### TASK GOAL
Skip the pictures and repeat each line of the data exactly.

DATA SECTION: Begin

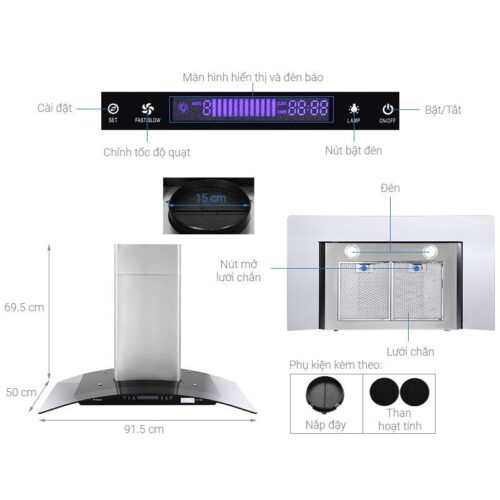 Máy hút mùi áp tường tuần hoàn Pramie AC17-900 5 Cấu tạo máy hút mùi áp tường tuần hoàn Pramie AC17-900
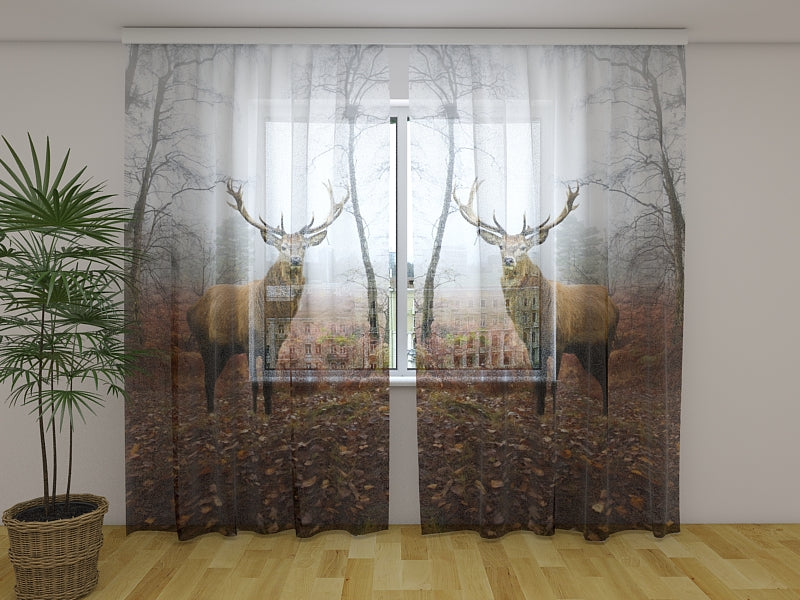 Photo Curtain Deer in the Forest - Wellmira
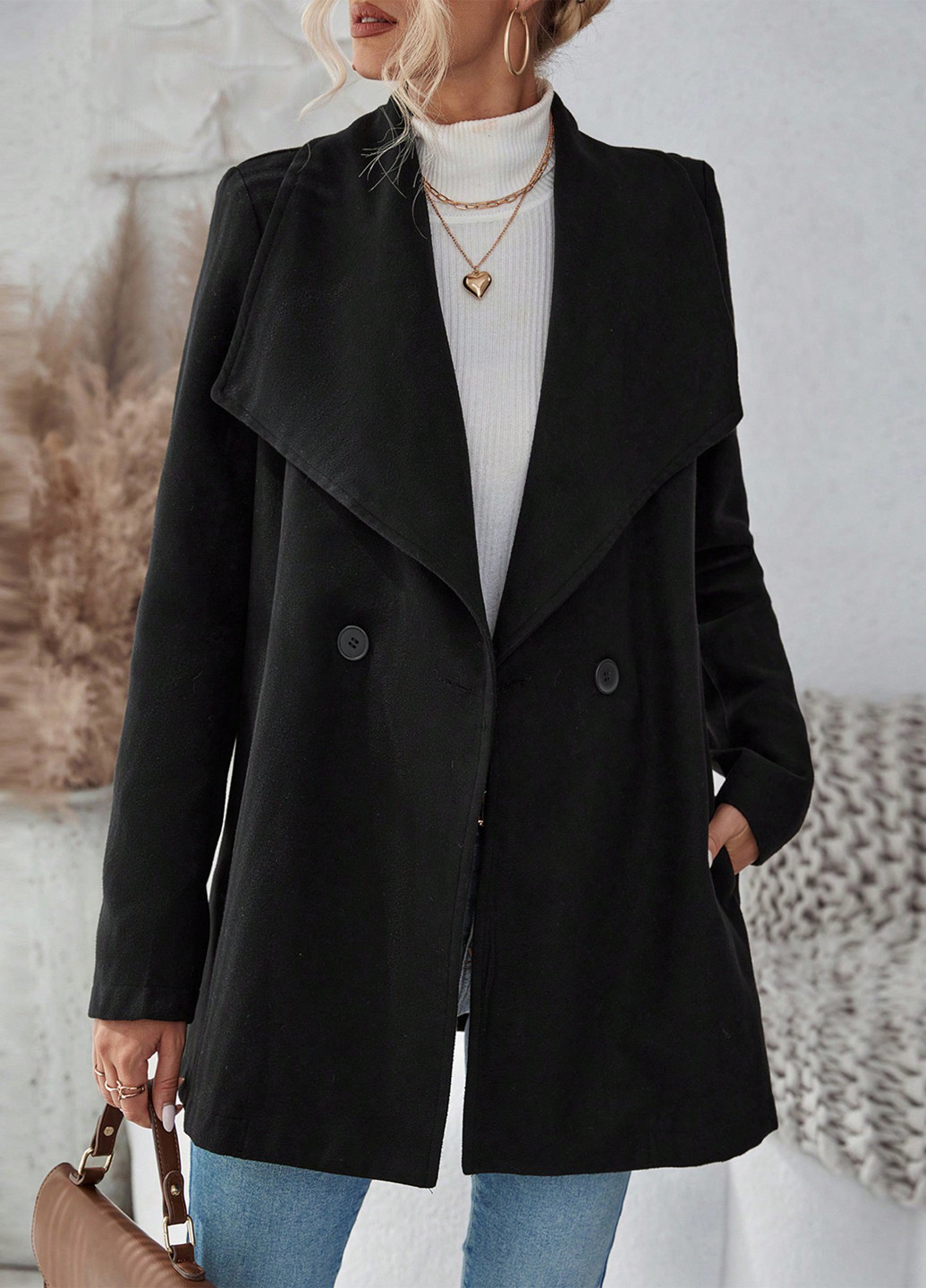 Чорне демісезонне Пальто двобортне SHEIN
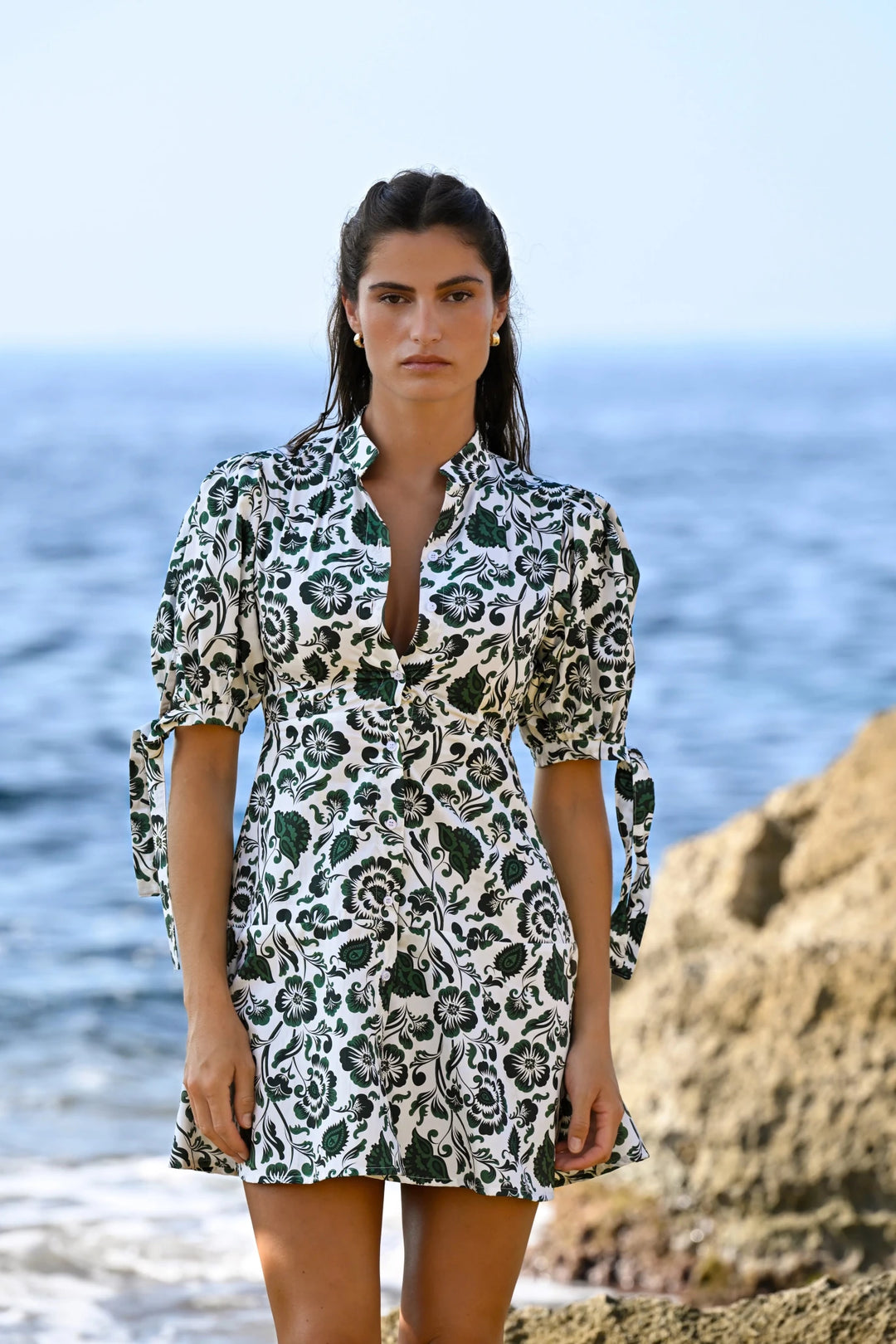 Harmonia Mini Dress Green Print | Kjoler | Smuk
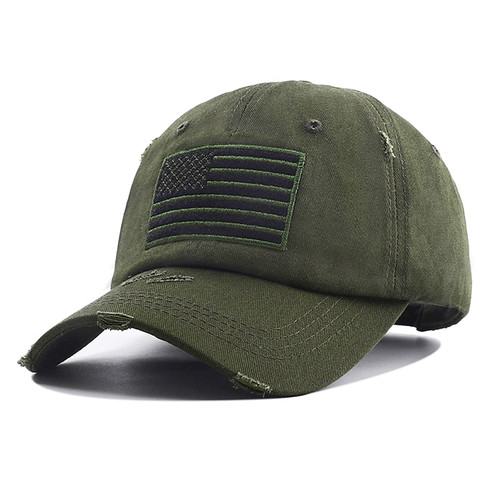 Vintage Washed Distressed Cotton Dad Hat Baseball Cap Adjustable Polo Trucker Unisex Style Headwear Green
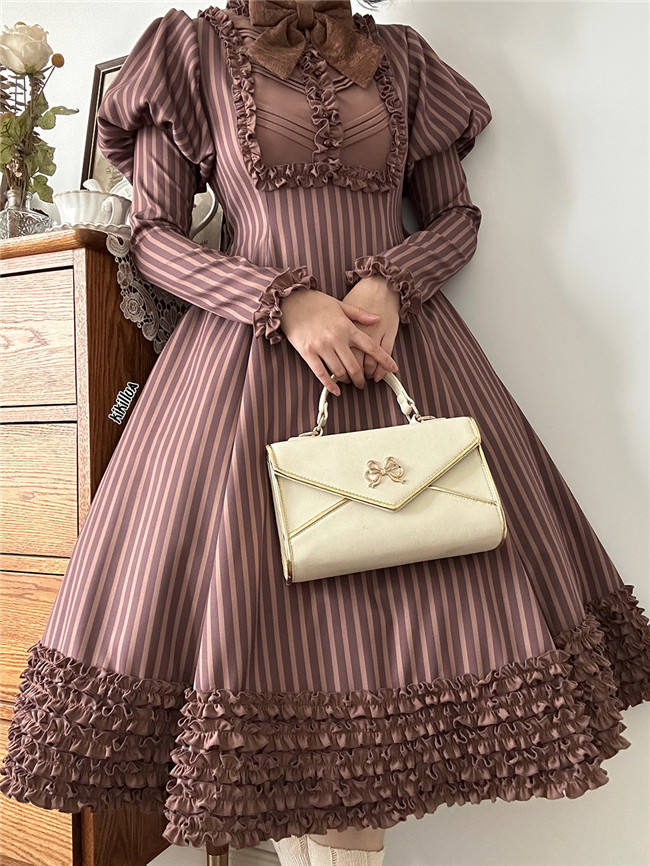 Miss Point Classic Chocolate Stripe Lolita Dress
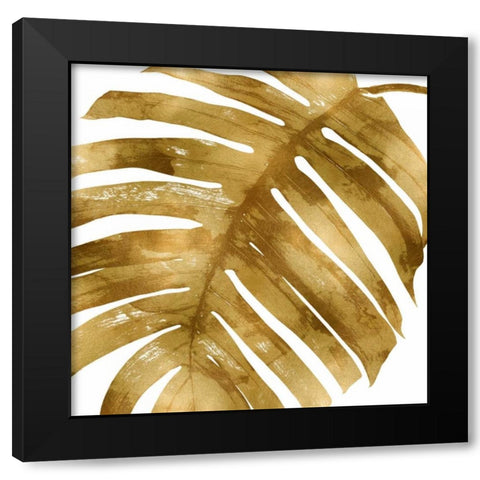 Tropical Gold Palm II Black Modern Wood Framed Art Print with Double Matting by Miller, Melonie
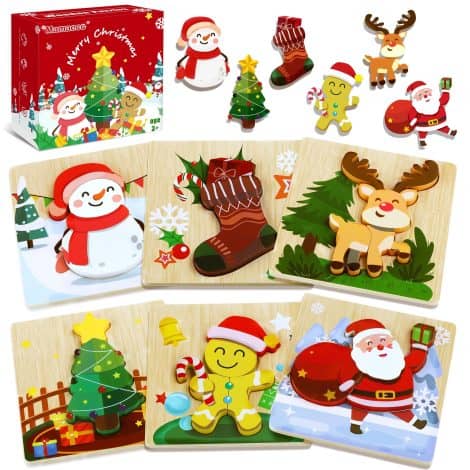 “Christmas-themed wooden puzzles (6-pack) – perfect stocking stuffers for boys and girls aged 1-3.”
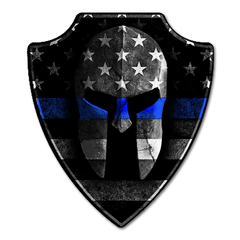 A decal with a crest bearing a Spartan helmet with the Thin Blue Line flag overlaying it.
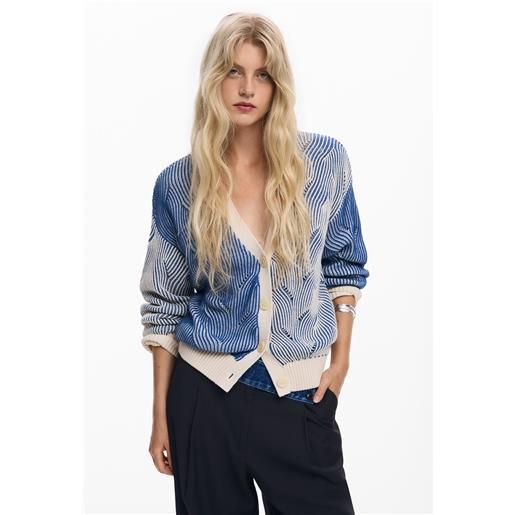 Desigual cardigan in maglia bicolore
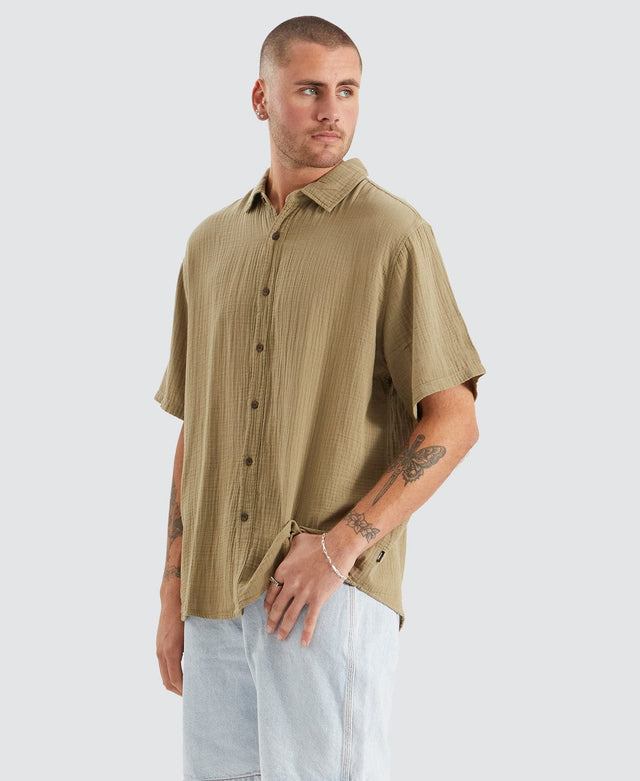 Thrills Minimal Thrills Seersucker Short Sleeve Shirt Khaki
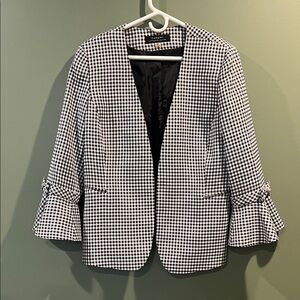 Size 16 Tahari Black & White Gingham Blazer w/ Bows on 3/4 Sleeve, fully lined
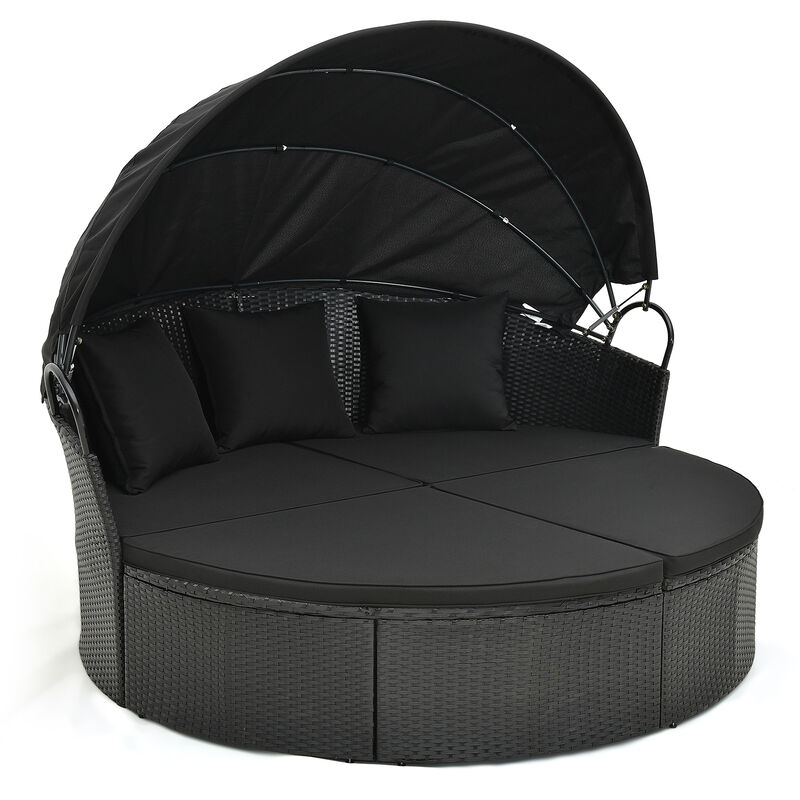 Clamshell Patio Round Daybed Wicker with Retractable Canopy and Pillows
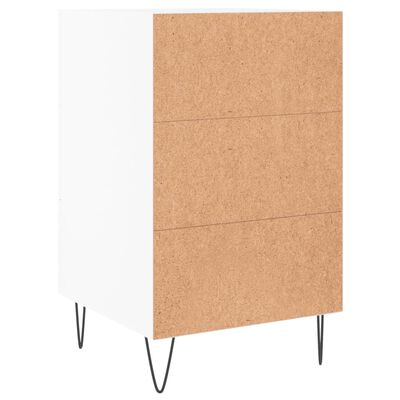 vidaXL Comodino Bianco 40x40x66 cm in Legno Multistrato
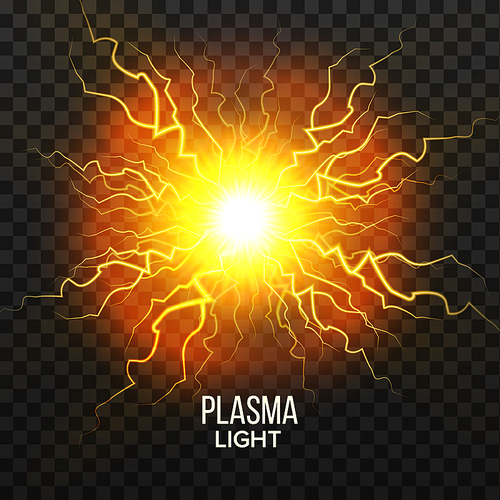 Fireball Plasma Vector. Lightning Effect. Magic Explosion. Voltage Sphere. Realistic Transparent Illustration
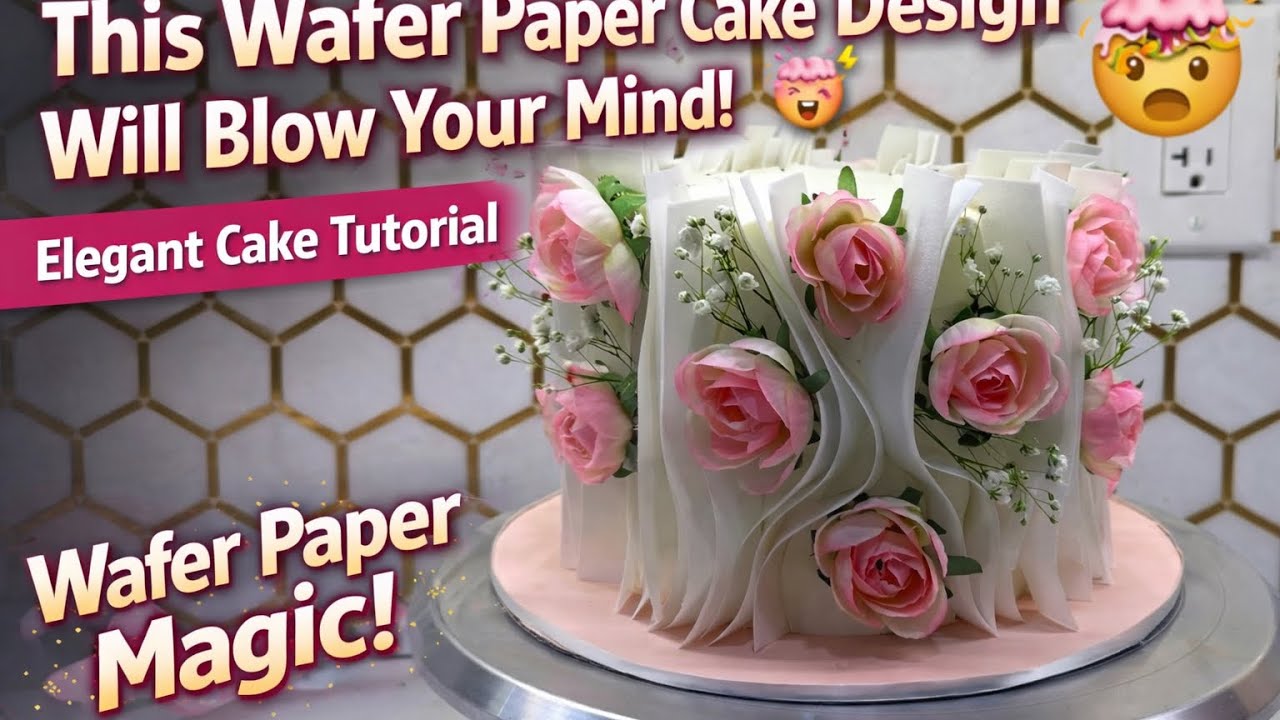 This wafer Paper design will blow your mind🤯|wafer paper magic❤️|elegant cake tutorial |ytvideo
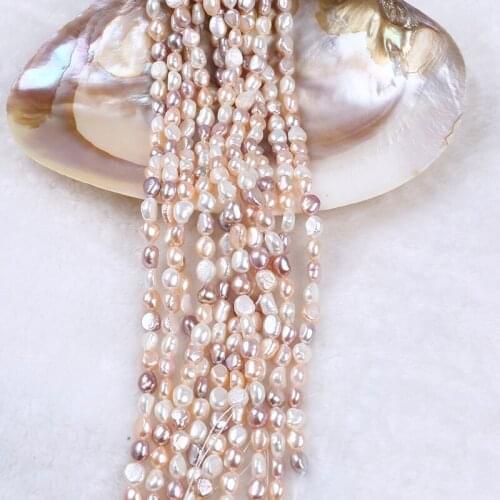 8-9mm Raw Cultured Freshwater Baroque Pearl Strand Mixed White Pink Purple Color Beads Straight Hole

DATA SECTION: End

### EXERCISE RESULT
 Máy hút mùi áp tường tuần hoàn Pramie AC17-900 5 Cấu tạo máy hút mùi áp tường tuần hoàn Pramie AC17-900
 Photo Curtain Deer in the Forest - Wellmira
 Чорне демісезонне Пальто двобортне SHEIN
 Harmonia Mini Dress Green Print | Kjoler | Smuk
 Vintage Washed Distressed Cotton Dad Hat Baseball Cap Adjustable Polo Trucker Unisex Style Headwear Green
 Miss Point Classic Chocolate Stripe Lolita Dress
 Tropical Gold Palm II Black Modern Wood Framed Art Print with Double Matting by Miller, Melonie
 “Christmas-themed wooden puzzles (6-pack) – perfect stocking stuffers for boys and girls aged 1-3.”
 A decal with a crest bearing a Spartan helmet with the Thin Blue Line flag overlaying it.
 Desigual cardigan in maglia bicolore
 Thrills Minimal Thrills Seersucker Short Sleeve Shirt Khaki
 Size 16 Tahari Black & White Gingham Blazer w/ Bows on 3/4 Sleeve, fully lined
 Clamshell Patio Round Daybed Wicker with Retractable Canopy and Pillows
 vidaXL Comodino Bianco 40x40x66 cm in Legno Multistrato
 Fireball Plasma Vector. Lightning Effect. Magic Explosion. Voltage Sphere. Realistic Transparent Illustration
 This wafer Paper design will blow your mind🤯|wafer paper magic❤️|elegant cake tutorial |ytvideo
 8-9mm Raw Cultured Freshwater Baroque Pearl Strand Mixed White Pink Purple Color Beads Straight Hole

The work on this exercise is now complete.